California likely to get use tax look up table - SB 86 and AB 110

In California, SB 86 and AB 110, that are moving along, having passed in Assembly and Senate. One of the provisions in this legislation is to start using a "look up" table for use tax for taxable purchases under $1,000. This means that individuals do not need to keep records of every purchase they make for which they were not charged use tax. They can instead opt to use the "look-up" table which based on their income, will tell them what amount they can report on the use tax line on their state income tax form. For any purchase of an item costing $1,000 or more they would have to keep track of such purchase and add its use tax to the table amount.
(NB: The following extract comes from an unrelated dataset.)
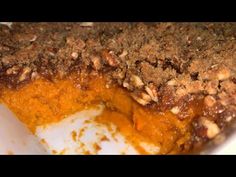 a casserole dish filled with sweet potatoes and topped with crumbled toppings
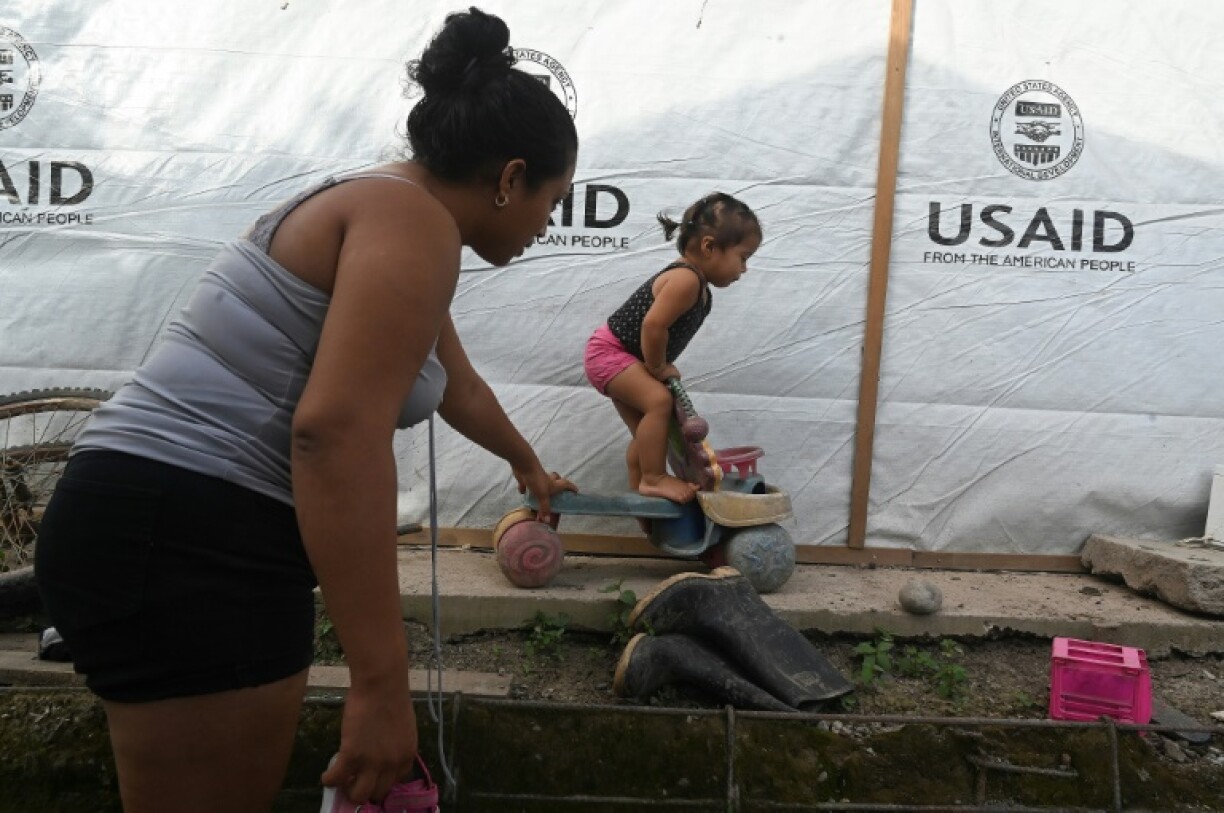 Sandra Ramos plays with her daughterat an improvised shack built with the help of the US Agency for the International Development (USAID) following hurricanes in in La Lima, Honduras, in July 2022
The table is optional; buyers could keep records instead.

I have suggesting this since at least 2007 as one of a few ways to improve use tax collection and make it easier. So I am very pleased to see this improvement. It had been included in AB 1957 as amended on March 25, 2008, but that bill was not enacted.

What does a look-up table look like? Well, examples exist because other states, including New York and Michigan, have been using them for a while. I included examples in testimony I submitted to the Assembly Revenue & Taxation Committee for their use tax hearing on 2/28/11 (see picture at end of this blog post or see page 11 of my testimony for a nice one-page explanation of use tax that Michigan provides to its taxpayers - here).

I think the look-up table is going to cause more people to report use tax. Hopefully the line on the 540 for use tax will direct people to the table and tax prep software will likely ask if people want to use the look up table or report actual (and ask if any individual purchase was $1,000 or more). The bill includes a revenue estimate of $10 million annually (including a portion that belongs to local government). This is NOT a tax increase because the tax is already on the books (since 1935!) it just makes it easier for people to pay their tax.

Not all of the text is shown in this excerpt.